Alice Tilin : Pour l’instant aucune. Je ne pense pas que les règles concernant l’immigration vont changer du jour au lendemain. Cependant, j’ai peur du message que cette victoire véhicule : comment un homme d’affaires qui n’a aucune expérience politique a pu se faire élire Président alors qu’il a tenu tant de propos haineux ?

Anne-Laure Dufour

Anne-Laure Dufour : J’ai peur que la protection sociale soit remise en cause. Je crains aussi que le racisme et la discrimination se développe dans le pays.

Quelles leçons en tirez-vous pour les échéances à venir en France ?


Nadia Payet : D’abord les médias ont joué un grand rôle dans cette élection. Visiblement la plupart des chaînes de télévision avaient de mauvaises informations ; les sondages n’ont jamais été aussi loin de la réalité. Cela remet vraiment en question la validité de toutes les données qui donnaient Hillary grande gagnante ce soir. On voit aussi l’impact du vote contestataire. J’encourage les Français à penser aux conséquences avant de voter pour contester le candidat principal.

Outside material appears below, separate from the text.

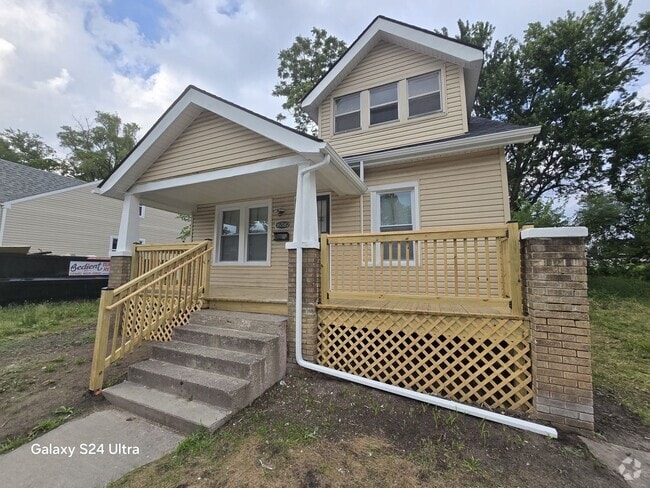 Building Photo - Beautifully Renovated 3-Bedroom Home – We ...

Guillaume Hoareau : La politique aux Etats-Unis est trop différente de ce que nous connaissons en France pour faire des comparaisons. Ici le système est purement binaire : deux partis, deux visions de la société… De plus le système de vote américain est très spécial. Trump a été élu avec moins de voix (mais plus de grands électeurs) que Clinton.

Alice Tilin : Cette victoire fait écho à la montée de l’extrême-droite en France et montre qu’un candidat non-favori selon les sondages peut gagner. Il ne faut sous-estimer personne, surtout pas les candidats populistes (même si ils sont creux !).

Anne-Laure Dufour : Je constate que Trump et Le Pen partagent de nombreuses visions. Il a d’ailleurs été vivement félicité par le parti d’extrême droite en France pour son élection.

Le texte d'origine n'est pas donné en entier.